▸ **Required work**: Below are records with pictures in them. Transcribe everything from the line containing "Caricabatterie USB C, 65" down to the line containing "Antique Style Ball", exactly, and leave the pictures behind.

--- Extracted information ---

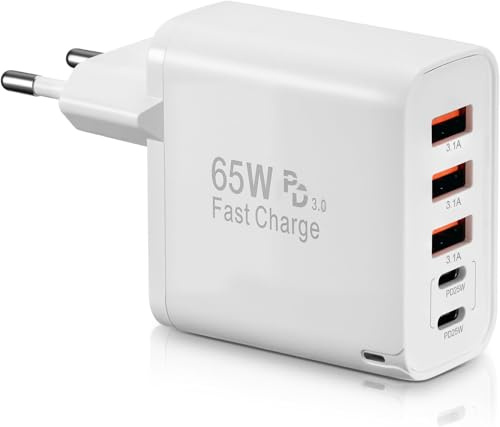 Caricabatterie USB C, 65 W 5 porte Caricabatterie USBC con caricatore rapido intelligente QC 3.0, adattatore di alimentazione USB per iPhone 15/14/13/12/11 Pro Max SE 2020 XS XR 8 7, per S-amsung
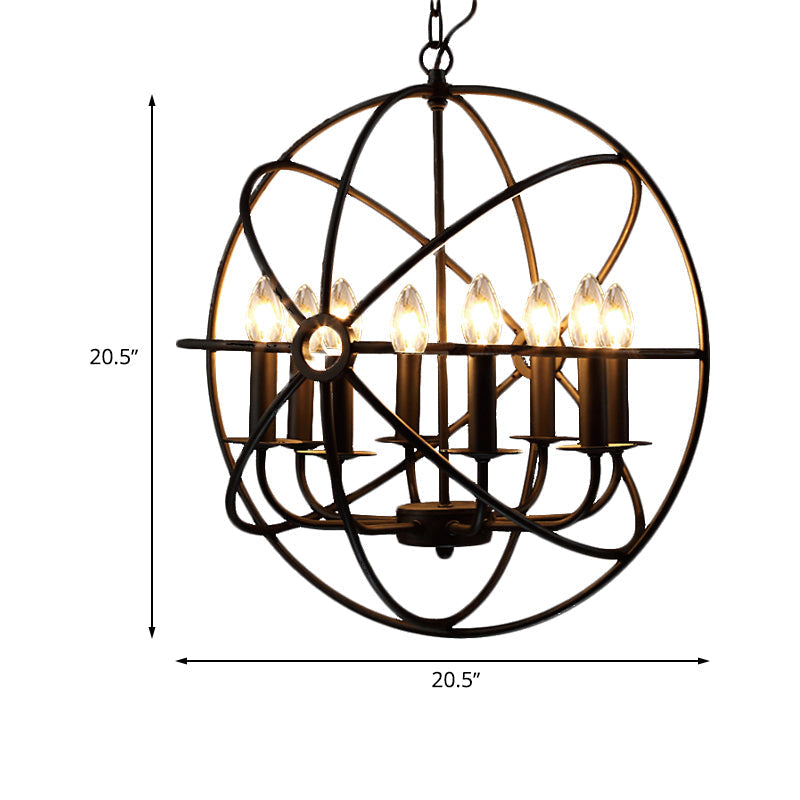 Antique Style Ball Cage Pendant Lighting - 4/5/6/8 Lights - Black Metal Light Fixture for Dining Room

---
--- Extracted information ---

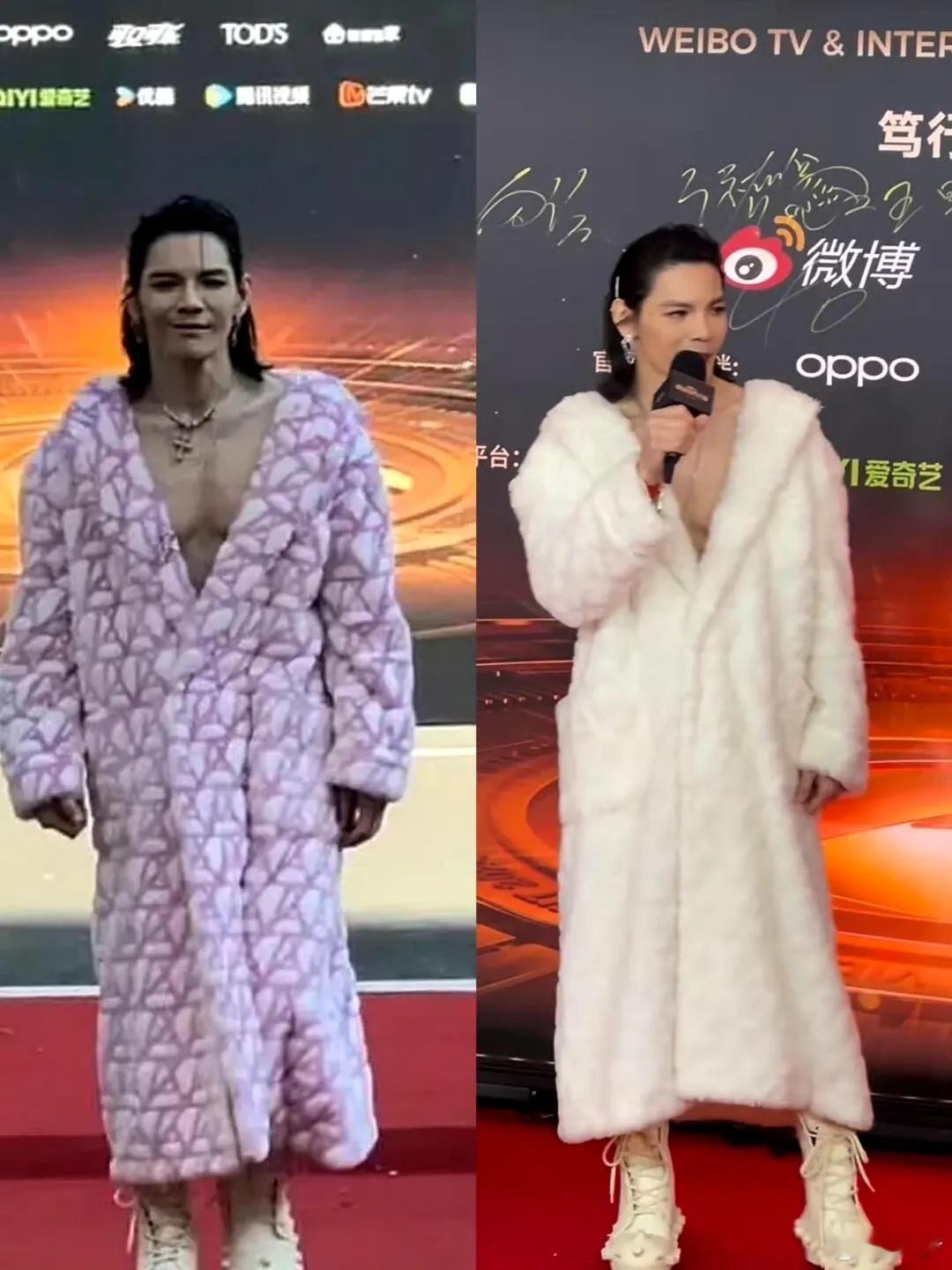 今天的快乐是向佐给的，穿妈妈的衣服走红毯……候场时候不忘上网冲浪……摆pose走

---

▸ **Your solution**:
 Caricabatterie USB C, 65 W 5 porte Caricabatterie USBC con caricatore rapido intelligente QC 3.0, adattatore di alimentazione USB per iPhone 15/14/13/12/11 Pro Max SE 2020 XS XR 8 7, per S-amsung
 Antique Style Ball Cage Pendant Lighting - 4/5/6/8 Lights - Black Metal Light Fixture for Dining Room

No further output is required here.